When I left there were I don't remember how many racks exactly, but more than 10, less than 30 in the primary location. 42U of servers in each. There was a mix of a whole load of (Dell, never pay list price!) blade servers, DB appliances (~12 in total across ~6 apps ISTR), Isilon storage[0][1], F5 kit, juniper routers etc. etc. We had some epically fast storage in some of the servers for the time, way faster than SSDs.
Later we added two more sites. One in I think Virginia, one in NY. The one in Virginia was a replica of what we needed to run Basecamp, the one in NY was a half-rack data replication location (I think I got that the right way round). We had 10G fibre (we rented wavelengths not the whole fibre) between each location. We could lose one DC and remain RW for our block data, 2 DCs and we'd have to drop down to RO. Block data was things like uploads, so DBs, search etc. wouldn't have been affected. We could lose one of the /main/ DCs and still be RW for everything.
With all this kit we were able to run both main DCs hot. With our Geo DNS you could hit either of our DCs and you'd get served pages, you could even write to both locations. One DC was always the "RO" DC, it always replicated the databases. If you tried to write to that DC we proxied your request to the RW DC over our 10G links and proxied any more requests you made for n seconds to the RW DC too, at which point we reverted you back to the RO DC.
Now, NY to Virginia isn't that far, so why bother with the hot/hot config? Because it played into the rest of our plan, which was DC failover. With some pretty epic voodoo (Juniper/F5/OpenResty etc.) we could fail over the datacentres, swapping the RO and RW locations. We could also do this if one of the locations was unavailable. We could do this in 4 seconds /without losing a single in-flight request/ (we tested it).

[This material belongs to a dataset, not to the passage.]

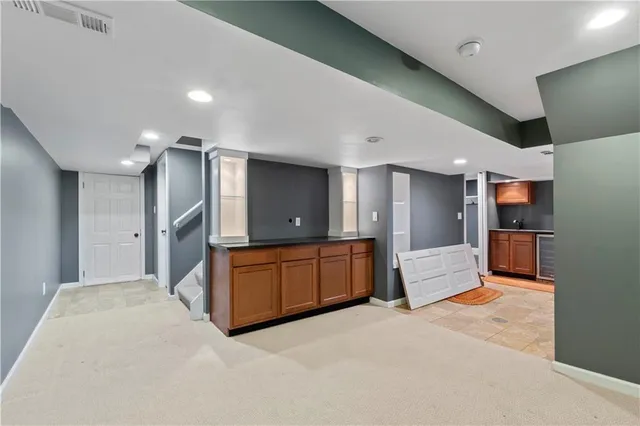 a large kitchen with stainless steel appliances kitchen island granite countertop a refrigerator and a sink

This ended up a bit longer than I was intending, but it illustrates a few things:
- I think people underestimate Basecamp. It's /huge/ (money and users, not employees). Not so much in the tech world (anymore), but even with this kit, even with the (at the time 6) sysadmins that maintained it, it still made a shit load of cash. I guestimated the net-worth of the two owners as in the hundreds of millions of dollars each, entirely because of basecamp. Cash that as a privately owned company all went to the owners (who gave some of it to us, they treated us fairly well). I think it was Patio11 who said that people under estimated the market for software, it's easy to do, these aren't human-scale numbers.
- The owners are right about keeping it private. You might not make "larger yacht than Larry Ellison" money, but you sure as hell have a lot higher chance of making "pretty damn big yacht and not having to work again" sort of money. If I was rolling the dice I know which I'd gamble on.
- I don't think I ever actually calculated it, but the amount of money our servers were worth while running was /immense/. When you went to the DC and looked at the row of racks, you could kinda see just how dense the $ value there was. The efficiencies that the cloud brings gives money to AWS, not to the clients.
- All of this was still /way/ cheaper than running cloud infra. I'm not against the cloud (I use it), but we made more because we had this infra than if we were on the cloud. We were dense when it came to # customers per $ spent on infra.
- The flexibility we had because we controlled everything was also extraordinary. It came at a cost, we had to do it ourselves, but we had a /lot/ of power to make things work the way we wanted to.
- We had access to everything, from the network (hell, even the light :) ) to the JS. This gave us optimisation options not available to a lot of people. Network topologies, buying the right CPUs (we benchmarked them), configuring the CPUs, etc. etc.
[0] An Isilon storage engineer once dropped one of these on the floor, while it was powered on and the drives were running. It took out a metal floor tile. [1] They were a PITA, everyone hated them. There was a running joke among the sysadmins that when we decommissioned them we would take one on an Ops meet and use it as target practice.